The changes were most pronounced in brain regions already known to show marked functional decline with age — the cerebellum and the hypothalamus. These regions are critical for coordination and metabolic regulation, respectively, which may help explain age-related declines in motor coordination and metabolism.
Boisvert adds, “The regional specificity we observed may help account for why certain brain functions decline more than others with age.”
The research team has made the astrocyte transcriptome data publicly available as a resource for other scientists studying aging and neurodegeneration. Their future work will compare the aging astrocyte profile with astrocytes from disease models to determine whether early, pre-pathological astrocyte changes facilitate progression to disease states.
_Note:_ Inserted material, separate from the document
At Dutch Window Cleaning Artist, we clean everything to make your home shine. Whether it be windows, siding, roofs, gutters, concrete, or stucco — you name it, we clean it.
Other contributors to this work include Galina Erickson and Maxim Shokhirev of the Salk Institute.
Funding: This research was supported by the Ellison Medical Foundation, the Chapman Foundation, the National Institutes of Health – National Institute of Neurological Disorders and Stroke, the Hearst Foundation, the Pew Foundation, the Dana Foundation, the Whitehall Foundation and the Helmsley Charitable Trust.
Source: Salk Institute
Publisher: Organized by NeuroscienceNews.com.
Image Credit: Salk Institute.
Original Research: “The Aging Astrocyte Transcriptome from Multiple Regions of the Mouse Brain” by Matthew M. Boisvert, Galina A. Erikson, Maxim N. Shokhirev, and Nicola J. Allen, published in Cell Reports (published online January 2, 2018). DOI: 10.1016/j.celrep.2017.12.039.
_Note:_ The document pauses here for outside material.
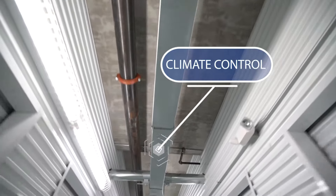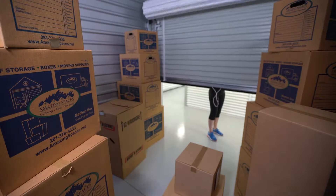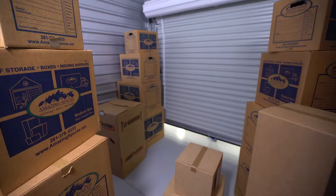Climate control offers protection against humidity, and since humidity is a year-round battle, we always recommend a climate controlled space for those items located inside your home.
Salk Institute (2018, January 12). What Happens When Your Brain’s Support Cells Aren’t So Supportive? NeuroscienceNews.
Abstract
The Aging Astrocyte Transcriptome from Multiple Regions of the Mouse Brain
Highlights
- Provides astrocyte transcriptomes from multiple regions of adult and aged mouse brain
- Shows that astrocytes have region-dependent aging responses and become moderately reactive with age
- Aged astrocytes upregulate genes involved in synapse elimination and downregulate cholesterol synthesis pathways
- Most astrocyte-enriched genes are expressed differently between brain regions
Summary
Aging is accompanied by cognitive decline that correlates with reduced synapse number and function and altered brain metabolism. Astrocytes regulate synapse formation and neuronal function throughout life, but whether astrocyte properties change with aging and contribute to neuronal dysfunction was previously unclear. To address this, the authors generated RNA-seq transcriptomes of astrocytes from multiple brain regions in adult and aged mice, producing a comprehensive dataset available to the research community. The study identifies genes commonly altered by aging across regions as well as region-specific changes. Aging astrocytes maintain many homeostatic and neurotransmission-supporting genes, yet they upregulate synapse-elimination pathways and adopt some features of reactive astrocytes. Regional heterogeneity in synapse-regulating gene expression was observed between different cortical areas. Overall, aging-related alterations in astrocytes create an environment that favors synapse removal and potential neuronal damage, which may contribute to cognitive decline in normal aging.
Reference: “The Aging Astrocyte Transcriptome from Multiple Regions of the Mouse Brain” by Matthew M. Boisvert, Galina A. Erikson, Maxim N. Shokhirev, and Nicola J. Allen, Cell Reports, published online January 2, 2018. DOI: 10.1016/j.celrep.2017.12.039.